The classic danger signs for any addict is being hungry, angry, lonely, or bored. For me, add to this: complacency. The sense of being whelmed with problems (and it would only take one or two) almost always leads to feelings of disappointment for me. It brings a lack of confidence and ultimately a resolve to hit the "F*** it switch." I become lazy and convince myself that nothing really matters and I lose track so easily of any goals or plans. This was exactly what was happening. No photo work, meetings were becoming boring, and my interest in any deeper understanding of my relationship with a greater power was diminishing.

Norman Fox

But I woke one Sunday morning and reliably the rain had stopped! The sounds of kids playing outside for the first time in many weeks meant that spring had arrived.

But even so, halfway through that first beautiful day I was still lying on my couch, dozing off-and-on, arguing with myself. How was it, I asked myself, that after so many months of not being able to practice my passion for photography, I could so easily derail myself into squandering such a glorious day by lying on the couch, doing nothing of value? I tried laughing about it and eventually convinced myself that it meant nothing. “Tomorrow's another day,” I told myself.

Near the end of that afternoon there was a brief moment of clarity as I looked back over the last two years.

Suddenly, the techniques of camera work and the spiritual principles of my sobriety all seemed to merge together. I started to see that what I had thought was a journey, was not that at all. I had the truth in my hand. Searching for the right image, the amazing image and the right job and the right relationship was truly the nature of my next relapse. My perspective had changed.

I had to get outside. It was almost seven in the evening when I grabbed my camera and headed for the door. My plan was simple walks around the block, starting with my own alley, take a few shots and return home: Baby steps.

I got as far as the end of my lane when my eyes and my nose caught the first lilac flowers of the year. The purple color was glowing and its perfume hung romantically in the air. “This is the shot,” I thought.

I filled the camera's frame with my neighbors’ beautiful old heritage house and the 1950s' cedar fence.

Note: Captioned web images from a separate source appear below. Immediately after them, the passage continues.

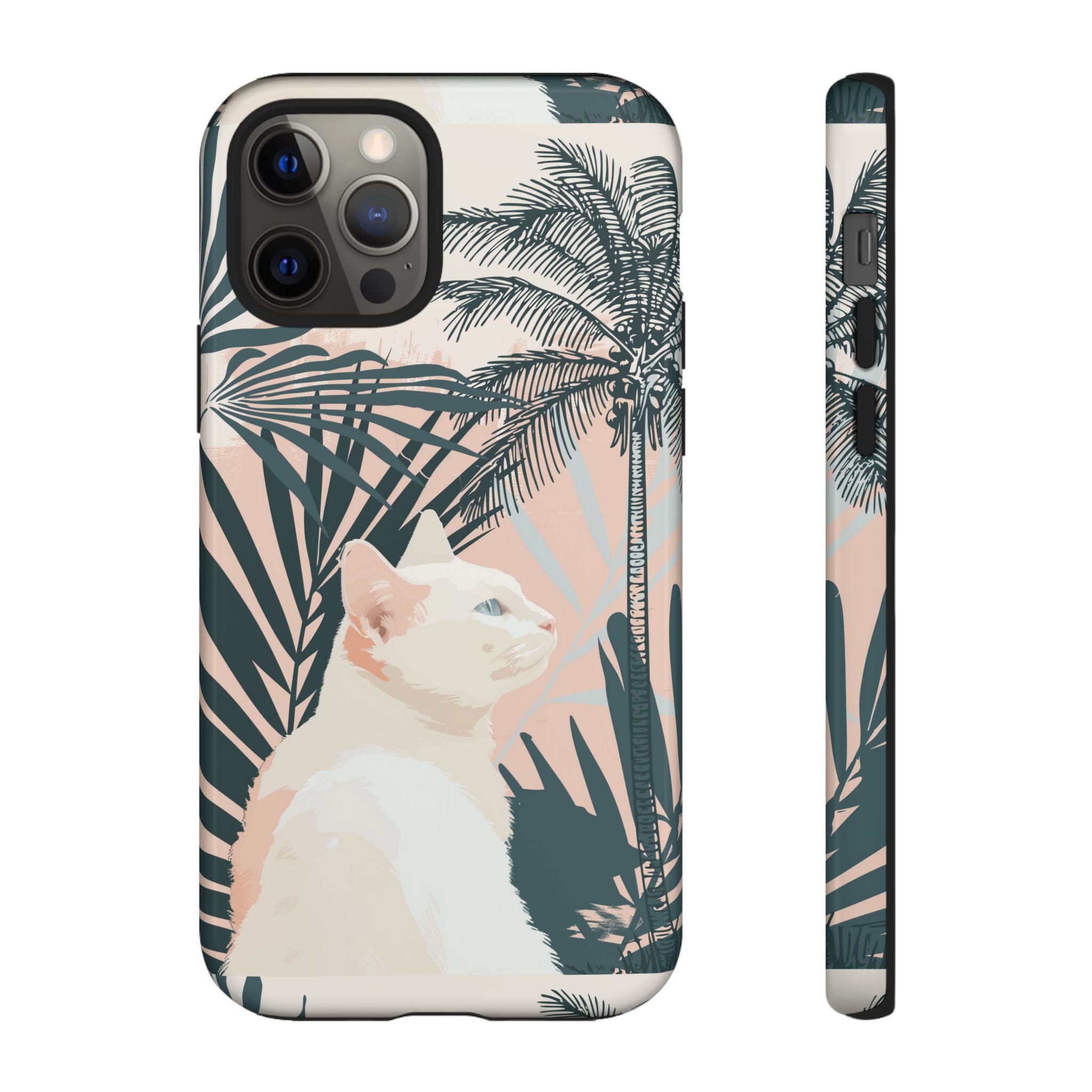 Tropical Cat Phone Case with Lush Palm Motifs and Soft Pastels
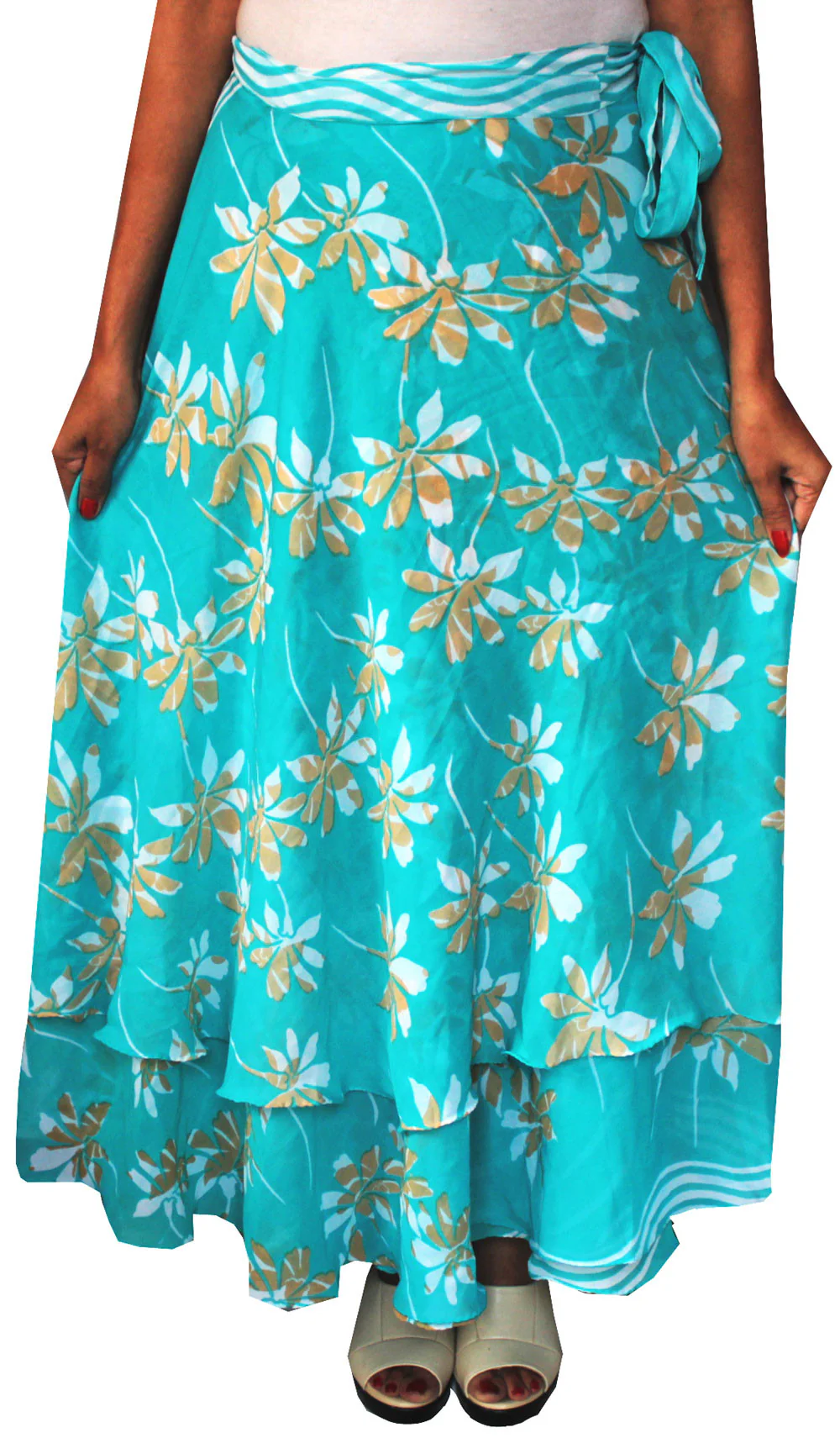 Indian Skirt Womens Long Wrap Around India Clothing (Turquoise) - Image 2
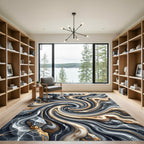 Abstract Swirl Gold And Gray Marble Rug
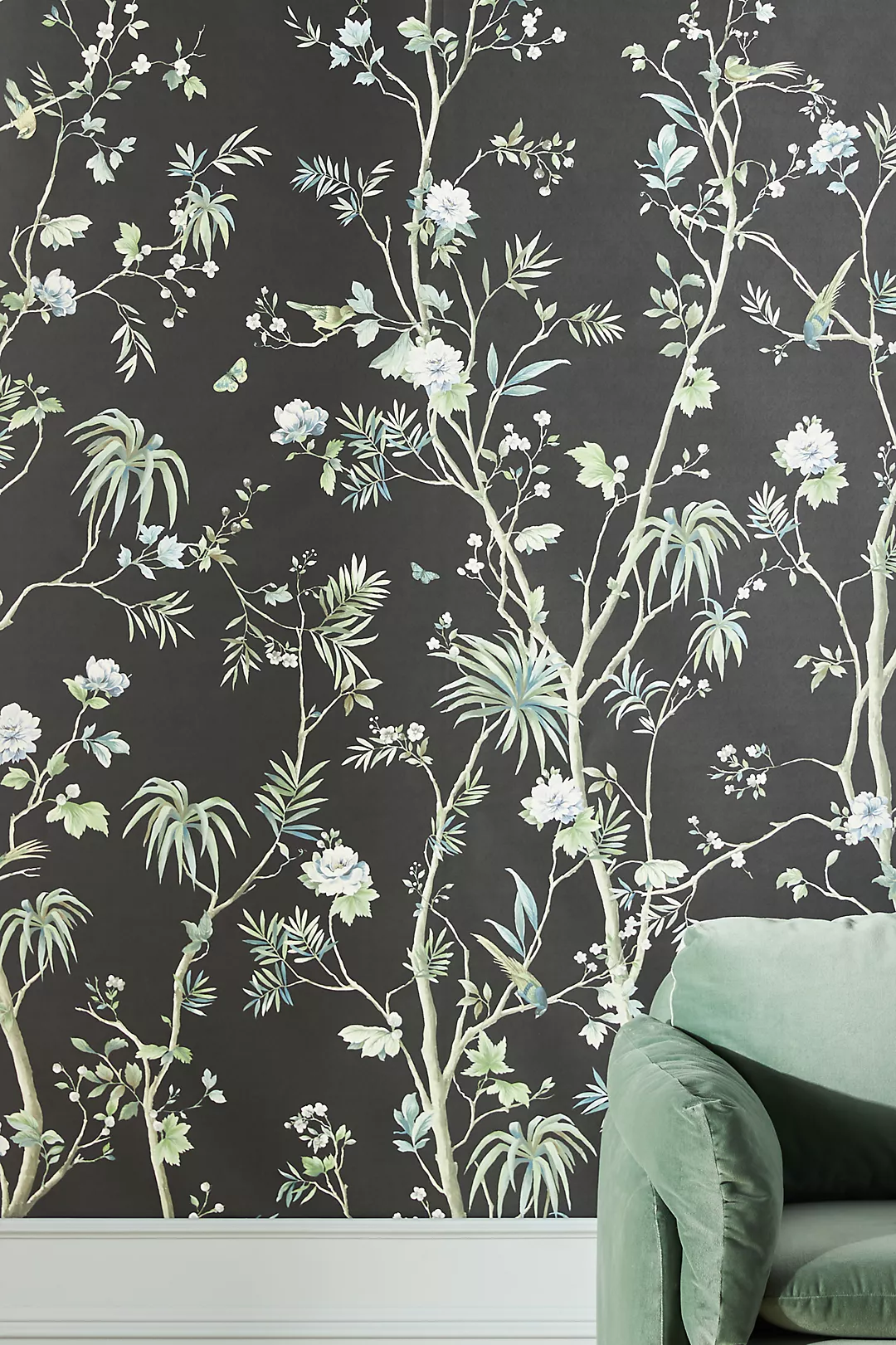 Black Tropical Chinoiserie Wall Mural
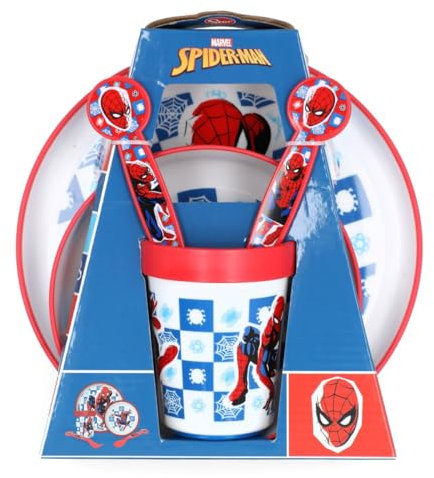 Stor Spiderman, set da tavola in plastica multicolore, 5 pezzi, adatto al microonde, multicolore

Suddenly, right there in the middle of the frame was my beautiful tabby cat, Max. He had seen me from the deck, and raced down three sets of stairs, leapt over two fences, and he had landed squarely in the middle of the shot.

An hour later, I was home and at the computer reviewing the images when Max came up on the screen. I laughed and I think I even cried a little. The more I stared at his eyes, the clearer his importance in my life became. I certainly loved the cat and I enjoyed his independence, that he was always around and how he always seemed happy when I returned home (even if it just meant a new dish of food or a combing). But something else was there.

There was a challenging wisdom in his eyes. And pride. His eyes connected us and it was just a remarkable thing. 

Norman Fox

So what had I done to find such a joyful, satisfying picture that, to this day, remains among the most popular of my images with the public and serious photography collectors?

There was no struggle. I hadn’t coaxed the cat out of the house. In fact, he had never before followed me outdoors. I simply pointed my camera and paused just long enough before releasing the button. The focus, the colors and the exposure, even the subject, all fell into play as if it were all meant to be.

Four months later, and after a lot of legwork pedaling my images around town, I had my first show and it was a huge success. I sold nearly all of my prints and quickly moved on to my next.

Today, I am approaching six years of sobriety. My photographs are selling very well: Nothing brings me more satisfaction than sharing the true stories behind each of them. My children and I have a wonderful, loving relationship. Together, we weathered and survived all of that which I thought would be forever lost.

And I found the hobby I needed: working in a homeless shelter in my neighborhood helping the same people I once used drugs with, ran from, and was robbed by.

Norman Fox is a writer and photographer based in Canada.